- _Dataset excerpts_:
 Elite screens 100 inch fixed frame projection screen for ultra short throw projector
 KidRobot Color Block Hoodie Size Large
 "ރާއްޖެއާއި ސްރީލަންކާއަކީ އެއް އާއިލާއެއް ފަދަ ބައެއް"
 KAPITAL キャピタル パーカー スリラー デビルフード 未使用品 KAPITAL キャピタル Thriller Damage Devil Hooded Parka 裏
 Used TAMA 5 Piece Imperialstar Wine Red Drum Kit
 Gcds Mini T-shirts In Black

* * *

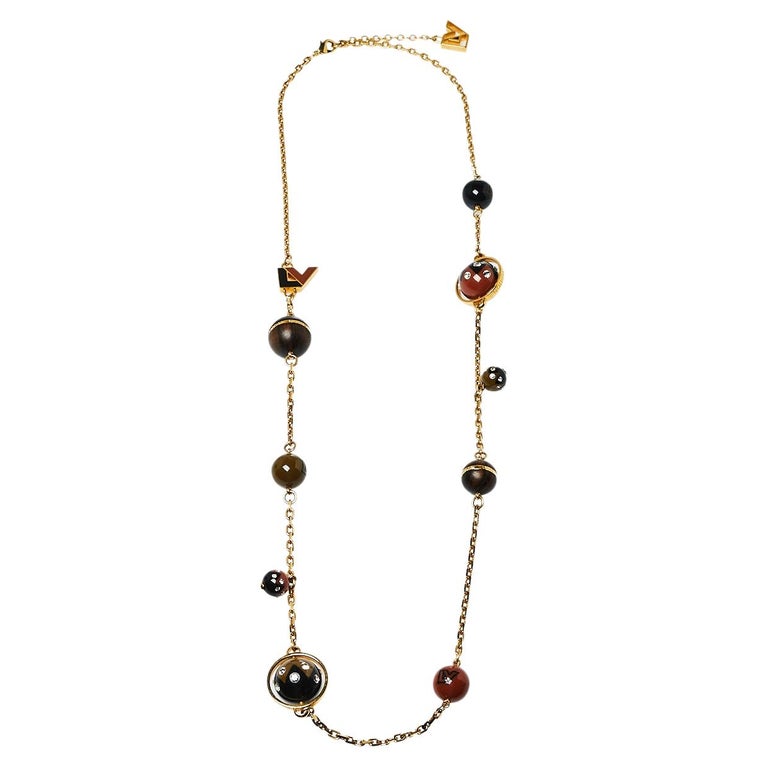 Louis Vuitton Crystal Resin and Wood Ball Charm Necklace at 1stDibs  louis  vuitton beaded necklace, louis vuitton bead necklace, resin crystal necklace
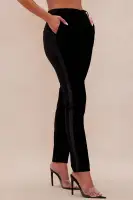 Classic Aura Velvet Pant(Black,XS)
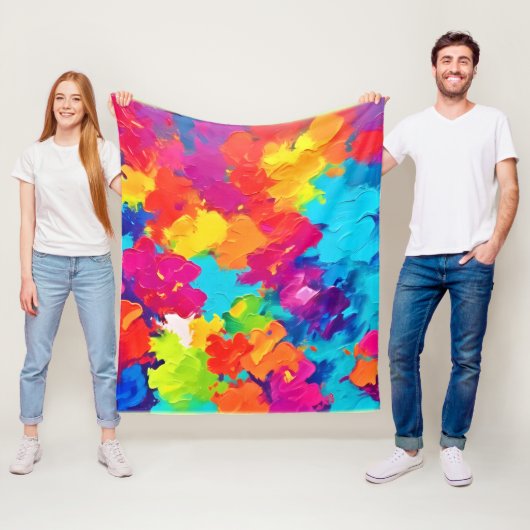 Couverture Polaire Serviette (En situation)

- _What is being asked_: Since only part of the listing is wanted, copy exactly the lines from the one holding "Elite screens 100" to the one holding "Gcds Mini T-shirts In Black", both included.

- _Answer for the task_:
 Elite screens 100 inch fixed frame projection screen for ultra short throw projector
 KidRobot Color Block Hoodie Size Large
 "ރާއްޖެއާއި ސްރީލަންކާއަކީ އެއް އާއިލާއެއް ފަދަ ބައެއް"
 KAPITAL キャピタル パーカー スリラー デビルフード 未使用品 KAPITAL キャピタル Thriller Damage Devil Hooded Parka 裏
 Used TAMA 5 Piece Imperialstar Wine Red Drum Kit
 Gcds Mini T-shirts In Black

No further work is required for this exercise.